Oleh karena itu, tidaklah aneh bila kaidah nomor satu
mereka berbunyi: “Akal lebih didahulukan daripada syariat (Al Qur’an, As Sunnah
dan Ijma’) dan akal-lah sebagai kata pemutus dalam segala hal. Bila syariat
bertentangan dengan akal menurut persangkaan mereka-maka sungguh syariat
tersebut harus dibuang atau ditakwil(2). (Ini merupakan kaidah yang batil,
karena kalaulah akal itu lebih utama dari syariat maka Allah akan perintahkan
kita untuk merujuk kepadanya ketika terjadi perselisihan. Namun kenyataannya
Allah perintahkan kita untuk merujuk kepada Al-Qur’an dan As-Sunnah,
sebagaimana yang terdapat dalam Surat An-Nisa: 59. Kalaulah akal itu lebih
utama dari syariat maka Allah tidak akan mengutus para Rasul pada tiap-tiap
umat dalam rangka membimbing mereka menuju jalan yang benar sebagaimana yang
terdapat dalam An-Nahl: 36. Kalaulah akal itu lebih utama dari syariat maka
akal siapakah yang dijadikan sebagai tolok ukur?! Dan banyak hujjah-hujjah lain
yang menunjukkan batilnya kaidah ini.
Secara harfiah kata Mu’tazilah berasal dari I’tazala
yang berarti berisah atau memisahkan diri, yang berarti juga menjauh atau
menjauhkan diri secara teknis, istilah Mu’tazilah menunjuk ada dua golongan.
1.
Golongan pertama, (disebut
Mu’tazilah I) muncul sebagai respon politik murni.

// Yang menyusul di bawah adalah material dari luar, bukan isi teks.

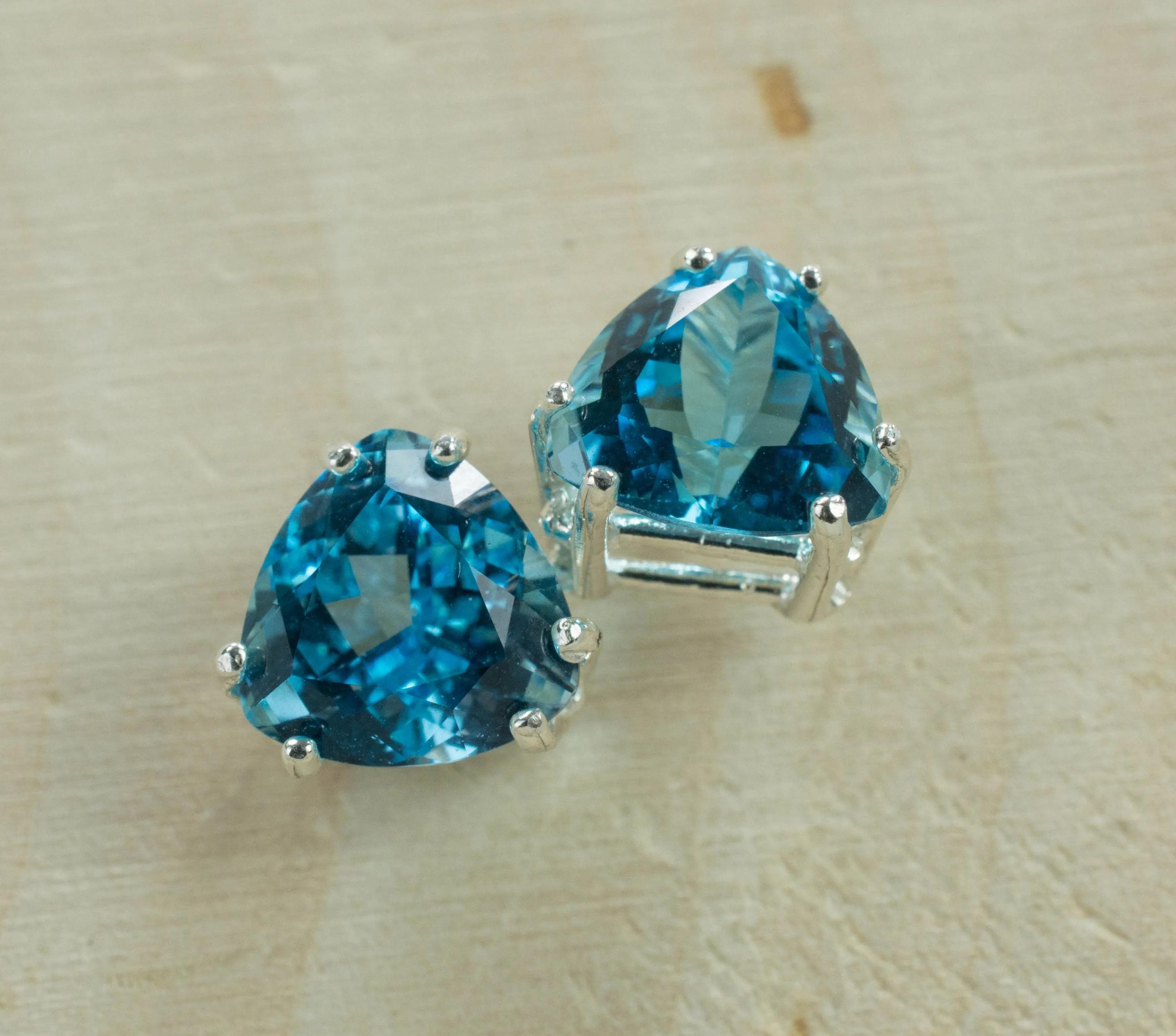 Blue Topaz Sterling Silver Earrings; Genuine Brazilian Topaz; Topaz Earrings; 4.365cts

Golongan ini tumbuh sebahai
kaum netral politik, khususnya dalam arti bersikap lunak dalam menangani
pertentangan antara Ali bin Abi Thalib dan lawan-lawannya, terutama Muawiyah,
Aisyah, dan Abdullah bin Zubair. Menurut penulis, golongan inilah yang
mula-mula disebut kaum Mu’tazilah karena mereka menjauhkan diri dari pertikaian
masalah khilafah. Kelompok ini bersifat netral politik tanpa stigma teologis
seperti yang ada pada kaum Mu’tazilah yang tumbuh dikemudian hari.
2.
Golongan kedua, (disebut
Mu’tazilah II) muncul sebagai respon persoalan teologis yang berkembang di
kalangan Khawarij dan Mur’jiah akibat adanya peristiwa tahkim. Golongan ini
muncul karena mereka berbeda pendapat dengan golongan Khawarij dan Mur’jiah
tentang pemberian status kafir kepada yang berbuat dosa besar. Mu’tazilah II
inilah yang akan dikaji dalam bab ini yang sejarah kemunculannya memiliki
banyak versi.
C.
Ajaran
Ajaran Mu’tazilah
Menurut Al-Bagdady dalam kitabnya ( al-Farqu bainal Firaqi ) aliran
Mu’tazilah terpecah-pecah menjadi 22 golongan, ,dua diantaranya dianggap telah
keluar dari Islam. Meskipun terpecah-pecah, namun semuanya masih tergabung
dalam kelima pokok ajaran mereka, yaitu :
1.
Tauhid
( pengesaan ).
Tauhid adalah dasar Islam pertama dan utama.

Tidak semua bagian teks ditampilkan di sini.